TheJatim.com – Satu tahun pemerintahan Presiden Prabowo Subianto dan Wakil Presiden Gibran Rakabuming Raka menjadi sorotan tajam kalangan mahasiswa. Dalam forum bertajuk “Refleksi Satu Tahun Pemerintahan Prabowo-Gibran: Janji, Realita, dan Harapan Bangsa” yang digelar Aliansi BEM Surabaya di sebuah kafe kawasan Mulyorejo, Senin (20/10/2025), ratusan mahasiswa menilai janji-janji besar pemerintahan belum sepenuhnya terwujud.
Koordinator Umum Aliansi BEM Surabaya, Nasrawi, menyebut forum tersebut bukan sekadar wadah kritik, melainkan ruang membaca arah bangsa. Ia menilai pemerintahan saat ini masih berada di level “sedang”, merujuk pada data IndoStrategi yang memberi skor 3,07 dari 5 untuk kinerja nasional.

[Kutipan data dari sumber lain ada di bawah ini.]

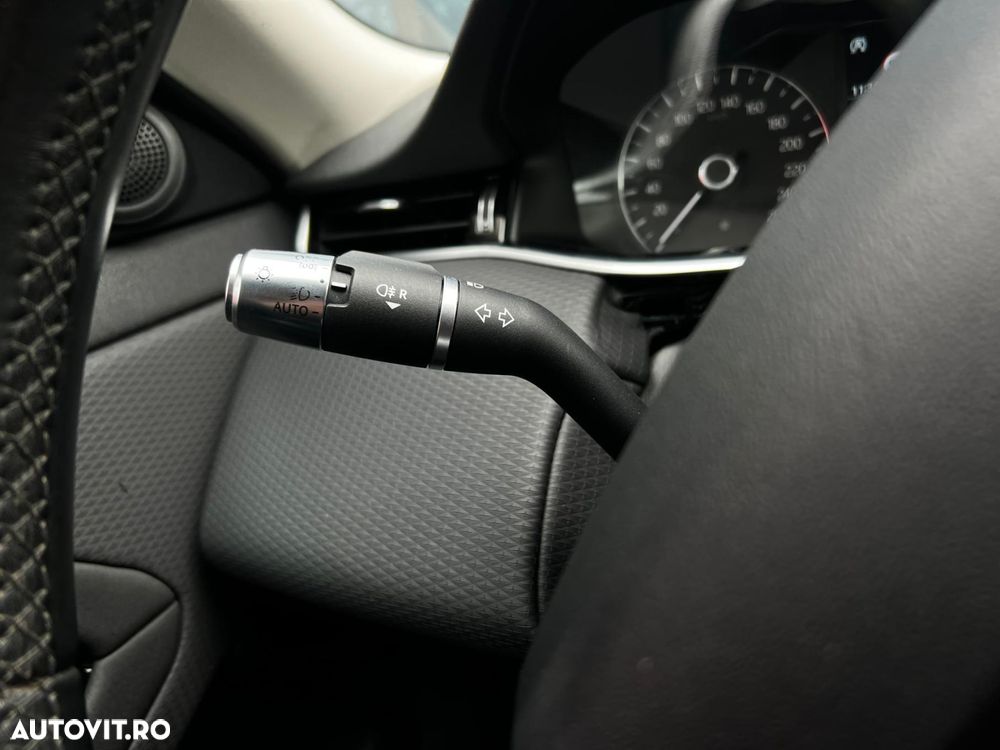 Land Rover Range Rover Evoque - 22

“Artinya, pemerintah tidak gagal, tapi juga belum bisa dibanggakan. Ada kemajuan di pemberantasan korupsi dan program pendidikan, namun 19 juta lapangan kerja masih jauh dari realisasi. Program kesehatan gratis patut diapresiasi, tapi masalah HAM dan birokrasi masih jalan di tempat,” ujarnya.
Nasrawi juga mengutip pandangan beberapa lembaga seperti WALHI dan PWM Jatim yang menilai kabinet gemuk pemerintahan Prabowo–Gibran menjadi simbol politik transaksional.
“Food estate dan program makan bergizi gratis justru menciptakan masalah baru, dari pemborosan anggaran sampai keracunan massal. Ini alarm bahaya,” tegasnya.
Menurutnya, mahasiswa tak hanya ingin mencela, tapi mengingatkan agar kekuasaan tetap dalam kendali publik.
“Kritik mahasiswa bukan kebencian, tapi cinta pada republik ini. Cinta yang berani menegur, bukan membenarkan,” katanya.
Sementara itu, Wakil Ketua DPRD Kota Surabaya Arif Fathoni yang turut hadir menilai kritik mahasiswa adalah bagian dari dialektika demokrasi. Ia menegaskan bahwa arah pemerintahan Prabowo–Gibran masih sejalan dengan visi Indonesia Emas 2045.
“Survei Poltracking menunjukkan tingkat kepuasan publik terhadap Prabowo-Gibran mencapai 78 persen. Artinya, masyarakat melihat arah pembangunan sudah di jalur yang tepat,” jelasnya.
Fathoni menambahkan, program Makan Bergizi Gratis (MBG) dan Sekolah Rakyat adalah investasi jangka panjang bagi generasi muda. Ia mengakui masih ada kekurangan, seperti persoalan distribusi dan higienitas makanan, namun menilai langkah pemerintah sudah strategis.
“Negara kini hadir untuk memutus kesenjangan gizi antar anak, tanpa memandang status ekonomi orang tua. Ini investasi untuk SDM unggul menuju Indonesia Emas,” tambahnya.
Dari sisi akademik, Samsul Arifin, Direktur PUSAD UM Surabaya menyoroti aspek hukum dan pemberantasan korupsi. Menurutnya, pelemahan Komisi Pemberantasan Korupsi (KPK) sejak era sebelumnya masih berlanjut hingga kini.
“Pelemahan KPK adalah dosa lama yang diulang. Ketika pegawai KPK dijadikan ASN, independensi lembaga itu ikut hilang,” tegas Dosen Fakultas Hukum UM Surabaya itu.
Sementara Andreas Pardede, aktivis 98, menilai pemerintahan Prabowo–Gibran gagal mengelola negara. Berdasarkan survei lembaga independen CELIOS, skor kinerja nasional disebut hanya 3 dari 10.
“Ekonomi lesu, PHK massal, janji lapangan kerja tak terealisasi, dan utang negara terus naik. Ini bukan sekadar kritik, tapi peringatan serius,” ujarnya.
Ia juga menilai program MBG belum efektif dan justru menambah beban fiskal. “Kalau terus begini, rakyat hanya jadi penonton dalam drama politik kekuasaan,” ujarnya.